The Economist’s alternate take on childlessness

The Economist’s alternate take on childlessness 2017-07-31T07:29:25-06:00

http://www.mountainhome.af.mil/News/Photos/igphoto/2000602500/ (public domain; US gov't photograph)

Some time ago, I wrote a blog post asking, “Is Megan McArdle a freeloader?“, referencing her because she’s told at least part of her (childless) life story in her recent(-ish) book and because there’s at least some degree of overlap between her (admittedly much more numerous) readers and mine.  The answer to that rhetorical question was a somewhat lame, “no, not really.”

But this weekend’s Economist had a somewhat different take on the issue.  The childless, they say, are not freeloaders who spend all their free time having fun, but do actually contribute to the world — they contribute more to charity upon their deaths (though by a measly $10,000), are more likely to create charitable foundations (though the absolute number of foundation-creators has got to be small in total) and certain key politicians — e.g., 5 of the 7 G7 leaders — are childless.

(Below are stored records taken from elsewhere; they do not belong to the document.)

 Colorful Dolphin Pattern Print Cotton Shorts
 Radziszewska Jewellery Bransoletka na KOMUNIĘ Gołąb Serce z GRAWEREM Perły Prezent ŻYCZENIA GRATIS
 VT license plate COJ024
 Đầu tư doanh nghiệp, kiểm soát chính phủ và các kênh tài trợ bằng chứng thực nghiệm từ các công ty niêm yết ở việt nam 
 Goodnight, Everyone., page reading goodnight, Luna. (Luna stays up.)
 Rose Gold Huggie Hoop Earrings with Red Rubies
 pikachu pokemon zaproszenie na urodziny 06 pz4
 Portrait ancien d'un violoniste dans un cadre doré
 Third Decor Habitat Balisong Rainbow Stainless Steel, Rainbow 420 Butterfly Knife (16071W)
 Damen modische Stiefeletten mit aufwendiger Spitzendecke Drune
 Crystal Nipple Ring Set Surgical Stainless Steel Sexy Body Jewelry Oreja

But despite that push by many environmentalists for a shrinking population, the Economist takes the still-conventional wisdom approach that a society needs to reproduce its population in order to keep its economy healthy.  How they reconcile their praise of the childless with this recognition of the need for a next generation is interesting:

But to sustain public pensions in the long term, countries do not actually need more parents. What they need instead is more babies. It is possible to combine a high rate of childlessness with a high birth rate, provided people who become parents have more than one or two children. That was the pattern in many Western countries a century ago. Ireland, yet another country with a childless leader, still manages it today.

In other words, The Economist’s suggested model, in light of a substantial portion of the population not having children, is for the rest of us to pick up the slack, or, alternatively, to not worry about the Duggar’s 19 kids, or the half-dozen or so kids in what counts as “large families” in my own neighborhood.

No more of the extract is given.